▶ **Directions for this task**
Transcribe the data that follows in full. Leave out the pictures.

▶ **Supplied information**
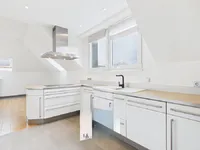 Недвижимость Apartment 2 bedrooms for sale in Gonderange: 6
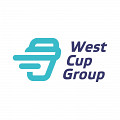 WestCupGroup
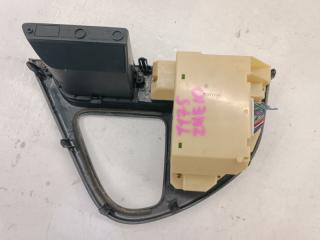 ZNE10G 1ZZ Toyota Wish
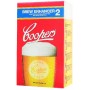 BREW ENHANCER 2 INTENSIFIER FOR BEER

▶ **Finished task**
 Недвижимость Apartment 2 bedrooms for sale in Gonderange: 6
 WestCupGroup
 ZNE10G 1ZZ Toyota Wish
 BREW ENHANCER 2 INTENSIFIER FOR BEER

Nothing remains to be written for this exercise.